# Brief
Each record should be copied exactly, and none of them omitted.

# Records supplied
== Segment start ==

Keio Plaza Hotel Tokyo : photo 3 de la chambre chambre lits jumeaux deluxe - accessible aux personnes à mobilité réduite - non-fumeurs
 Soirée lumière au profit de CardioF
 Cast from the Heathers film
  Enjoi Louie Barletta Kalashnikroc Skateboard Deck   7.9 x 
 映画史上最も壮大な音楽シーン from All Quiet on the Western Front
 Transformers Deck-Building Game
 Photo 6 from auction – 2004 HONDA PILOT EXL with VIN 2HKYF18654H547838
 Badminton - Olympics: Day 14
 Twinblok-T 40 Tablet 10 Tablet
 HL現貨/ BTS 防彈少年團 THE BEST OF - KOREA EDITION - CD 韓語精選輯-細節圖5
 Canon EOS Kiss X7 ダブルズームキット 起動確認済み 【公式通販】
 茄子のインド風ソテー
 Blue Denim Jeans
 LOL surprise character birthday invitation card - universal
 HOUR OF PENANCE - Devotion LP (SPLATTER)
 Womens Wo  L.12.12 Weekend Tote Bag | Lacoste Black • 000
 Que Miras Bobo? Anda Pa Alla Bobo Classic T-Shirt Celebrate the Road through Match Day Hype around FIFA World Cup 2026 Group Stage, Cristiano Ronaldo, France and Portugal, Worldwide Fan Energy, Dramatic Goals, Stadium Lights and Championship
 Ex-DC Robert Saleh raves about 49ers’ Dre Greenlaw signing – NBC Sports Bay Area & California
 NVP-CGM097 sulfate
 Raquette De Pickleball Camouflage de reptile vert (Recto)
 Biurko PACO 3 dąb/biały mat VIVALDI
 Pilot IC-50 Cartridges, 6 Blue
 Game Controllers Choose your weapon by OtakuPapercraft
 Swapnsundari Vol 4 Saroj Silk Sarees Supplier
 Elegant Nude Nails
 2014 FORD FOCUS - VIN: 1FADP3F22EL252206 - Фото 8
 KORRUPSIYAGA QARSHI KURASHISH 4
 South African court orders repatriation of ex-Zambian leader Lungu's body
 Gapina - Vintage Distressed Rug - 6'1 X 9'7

== Segment end ==

# Response
Keio Plaza Hotel Tokyo : photo 3 de la chambre chambre lits jumeaux deluxe - accessible aux personnes à mobilité réduite - non-fumeurs
 Soirée lumière au profit de CardioF
 Cast from the Heathers film
  Enjoi Louie Barletta Kalashnikroc Skateboard Deck   7.9 x 
 映画史上最も壮大な音楽シーン from All Quiet on the Western Front
 Transformers Deck-Building Game
 Photo 6 from auction – 2004 HONDA PILOT EXL with VIN 2HKYF18654H547838
 Badminton - Olympics: Day 14
 Twinblok-T 40 Tablet 10 Tablet
 HL現貨/ BTS 防彈少年團 THE BEST OF - KOREA EDITION - CD 韓語精選輯-細節圖5
 Canon EOS Kiss X7 ダブルズームキット 起動確認済み 【公式通販】
 茄子のインド風ソテー
 Blue Denim Jeans
 LOL surprise character birthday invitation card - universal
 HOUR OF PENANCE - Devotion LP (SPLATTER)
 Womens Wo  L.12.12 Weekend Tote Bag | Lacoste Black • 000
 Que Miras Bobo? Anda Pa Alla Bobo Classic T-Shirt Celebrate the Road through Match Day Hype around FIFA World Cup 2026 Group Stage, Cristiano Ronaldo, France and Portugal, Worldwide Fan Energy, Dramatic Goals, Stadium Lights and Championship
 Ex-DC Robert Saleh raves about 49ers’ Dre Greenlaw signing – NBC Sports Bay Area & California
 NVP-CGM097 sulfate
 Raquette De Pickleball Camouflage de reptile vert (Recto)
 Biurko PACO 3 dąb/biały mat VIVALDI
 Pilot IC-50 Cartridges, 6 Blue
 Game Controllers Choose your weapon by OtakuPapercraft
 Swapnsundari Vol 4 Saroj Silk Sarees Supplier
 Elegant Nude Nails
 2014 FORD FOCUS - VIN: 1FADP3F22EL252206 - Фото 8
 KORRUPSIYAGA QARSHI KURASHISH 4
 South African court orders repatriation of ex-Zambian leader Lungu's body
 Gapina - Vintage Distressed Rug - 6'1 X 9'7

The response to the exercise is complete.